Each row in morg_d07_strings.csv
corresponds to the survey data
obtained from a unique individual. We consider the following variables
for each individual in this assignment (although there are a lot more
variables available in the MORG datasets):
h_id
: a string that serves as a unique identifier, which we created by concatenating several variables in the original MORG datasets.age
: an integer value specifying the age of the individual.gender
: the gender (or sex) recorded for the individual.race
: the race recorded for the individual.ethnicity
: the ethnicity recorded for the individual.employment_status
: the employment status record for the individual.hours_worked_per_week
: an integer that specifies the usual weekly work hours of the individual.earnings_per_week
: a float that indicates the weekly earnings of the individual.

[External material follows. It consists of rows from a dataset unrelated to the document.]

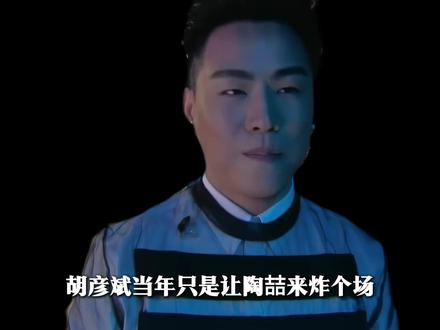 胡彦斌让陶喆来《歌手》炸场!没想到他一开口!全网彻底炸了#歌手2026#胡彦斌 #陶喆 #我是歌手 #娱乐评论大赏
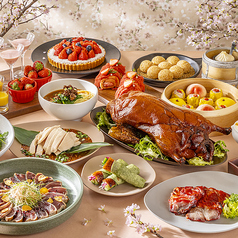 中国料理 王朝 ヒルトン名古屋のコース写真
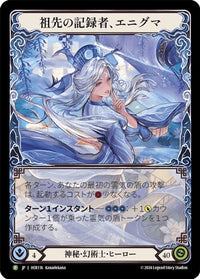 Enigma, Ledger of Ancestry (Japanese Alt Art Promo)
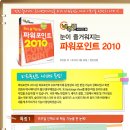 오피스목원 이미지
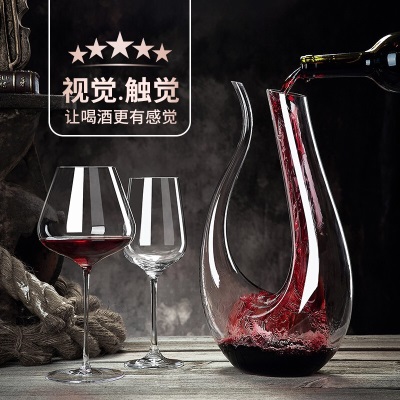青苹果 欧式水晶玻璃红酒杯套装6只家用大号酒杯创意葡萄醒酒玻璃高脚杯s470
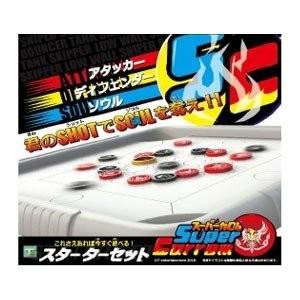 スーパーカロム Sc 01 スターターセット おもちゃのマンネンヤ 通販 Yahoo ショッピング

The CSV file has a column for each of these variables. Here are the first few lines of the file:
h_id,age,gender,race,ethnicity,employment_status,hours_worked_per_week,earnings_per_week
1_1_1,32,Female,BlackOnly,Non-Hispanic,Working,40.0,1250.0
1_2_2,80,Female,WhiteOnly,Non-Hispanic,Others2,,
1_3_3,20,Female,BlackOnly,Non-Hispanic,Others2,,
1_4_4,28,Male,WhiteOnly,Non-Hispanic,Working,40.0,1100.0
1_5_5,32,Male,WhiteOnly,Non-Hispanic,Working,52.0,1289.23
The original data uses codes for the different string variables. We replaced the codes with strings to simplify the process of using the data.
Task 1: Use pd.read_csv
to read the sample data into a pandas
dataframe and save the result in a variable named morg_df
. Use
h_id
, which uniquely identifies each row, and as the row index.

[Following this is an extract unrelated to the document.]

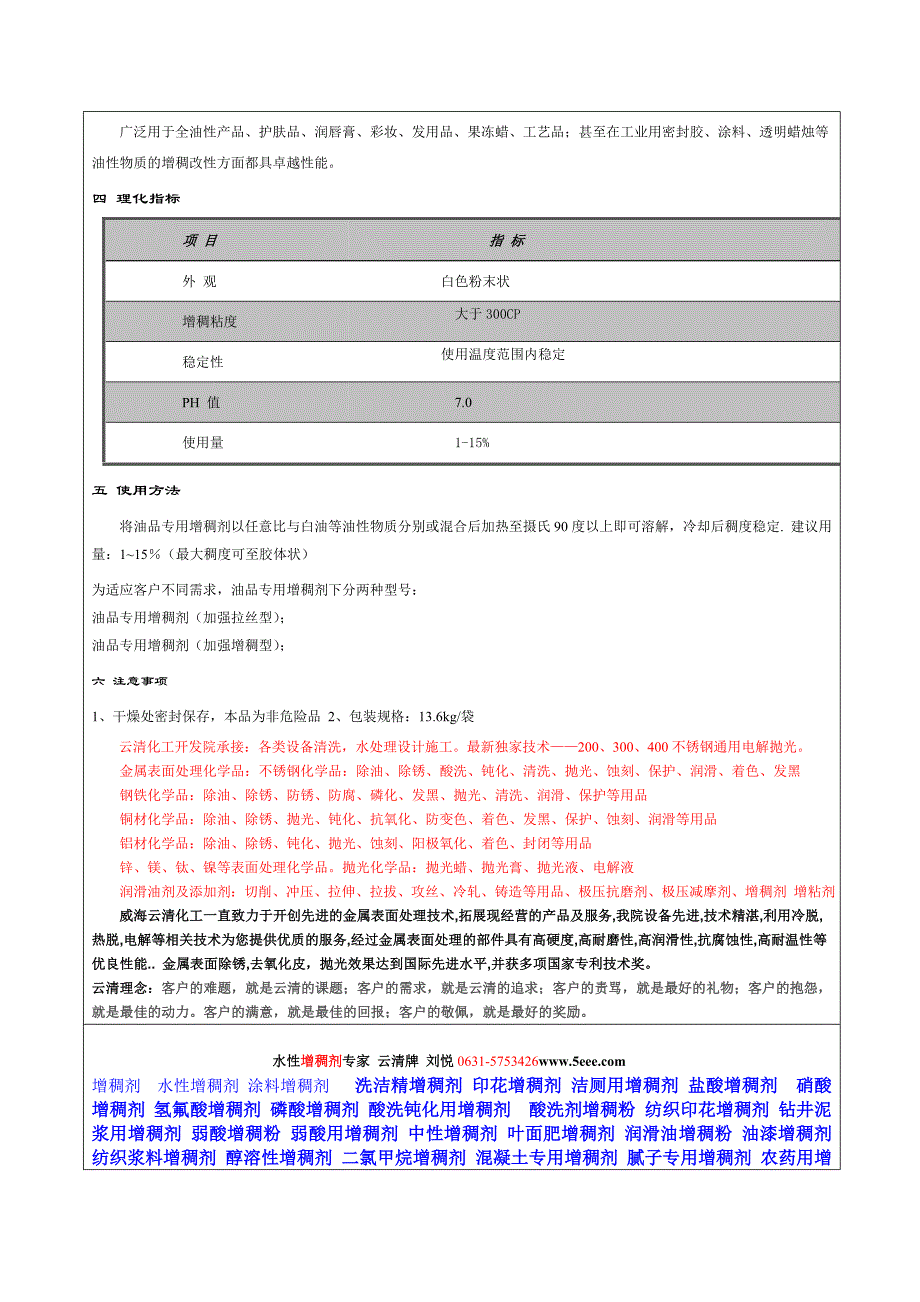 增稠增粘剂信息模版文档_第3页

You may find it helpful to set the maximum numbers of rows and columns you see in your IPython session. You can do so using pandas’ options:
In [X]: pd.options.display.max_columns = 15
In [X]: pd.options.display.max_rows = 20
Basic indexing¶
If you are unsure of how to perform the following tasks, make sure to review the section on DataFrames in the course textbook.
Task 2: Extract the "age"
column from morg_df
.
Task 3: Extract the row that corresponds to h_id
1_2_2 from morg_df
.
Task 4: Use slicing to extract the first four rows of morg_df
.
Missing values¶
The read_csv
function inserts NaN
, which stands for “Not a
Number”, when a field is missing. It often makes sense to replace
these values with something more appropriate for the application.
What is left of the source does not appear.